In October 2006 the Ministry of Health announced details of the first incident, which had affected men undergoing radiotherapy for prostate cancer, after an administrative investigation it had requested. It also commissioned a new investigation that it conducted together with the Nuclear Safety Authority. The second report, published in March 2007, blamed the mistakes on organisational problems in the radiotherapy department, poor communication among staff, lack of training for radiology technicians who had to use software in English, and faults in the way the crisis was managed.

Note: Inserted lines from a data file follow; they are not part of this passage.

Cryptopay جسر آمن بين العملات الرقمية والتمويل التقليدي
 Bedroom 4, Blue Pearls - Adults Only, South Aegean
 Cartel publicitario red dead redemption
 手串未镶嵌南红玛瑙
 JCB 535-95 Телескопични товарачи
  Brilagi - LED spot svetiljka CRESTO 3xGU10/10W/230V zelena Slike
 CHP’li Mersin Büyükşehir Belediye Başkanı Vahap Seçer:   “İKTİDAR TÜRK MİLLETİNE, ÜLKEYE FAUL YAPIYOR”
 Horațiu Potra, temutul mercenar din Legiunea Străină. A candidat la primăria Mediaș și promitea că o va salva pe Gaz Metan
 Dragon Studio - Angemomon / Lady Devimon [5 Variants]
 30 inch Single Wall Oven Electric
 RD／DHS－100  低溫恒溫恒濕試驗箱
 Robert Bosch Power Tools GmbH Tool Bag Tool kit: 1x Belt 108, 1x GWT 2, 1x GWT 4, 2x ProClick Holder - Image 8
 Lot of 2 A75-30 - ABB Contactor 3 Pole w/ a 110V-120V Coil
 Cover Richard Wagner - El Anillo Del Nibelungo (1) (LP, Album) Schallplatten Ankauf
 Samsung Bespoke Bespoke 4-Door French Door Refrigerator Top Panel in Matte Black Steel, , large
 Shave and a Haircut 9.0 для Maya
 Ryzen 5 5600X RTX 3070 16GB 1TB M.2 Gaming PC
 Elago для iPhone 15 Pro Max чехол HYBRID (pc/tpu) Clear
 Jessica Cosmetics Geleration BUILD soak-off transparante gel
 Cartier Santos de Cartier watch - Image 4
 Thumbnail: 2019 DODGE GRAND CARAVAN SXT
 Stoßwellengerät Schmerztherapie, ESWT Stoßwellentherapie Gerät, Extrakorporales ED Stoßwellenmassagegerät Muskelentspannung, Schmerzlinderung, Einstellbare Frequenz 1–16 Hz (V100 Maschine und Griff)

Alain Noël, a radiophysicist who was sent to work in Jean Monnet Hospital after the three staff members were suspended, told the Paris Criminal Court on 2 October that he was struck by the “somewhat unusual atmosphere” in the department. When he asked about treatment protocols, some staff members told him about the second series of errors: that staff did not take into account the amount of radiation patients had already received. Noël believed that one of the suspended radiophysicists had tried to cover his tracks, because documents stating how much radiation patients had received were missing from patients’ records.

Over 200 patients are plaintiffs in the case. When the trial opened half of them came to Paris from northeast France to attend the hearings. Many who were unable to travel were able to watch the proceedings in Épinal thanks to a broadcast allowed by the court.

Plaintiffs, who had already received compensation from the national medical accidents indemnity fund, began testifying on 1 October and described the effects on them of the excess radiation. They hoped that the trial would help people to “understand the tragedy and see the culprits punished,” said a spokeperson for the Association des Victimes de Surirradiations à l’Hôpital d’Épinal, which was set up to defend the affected patients.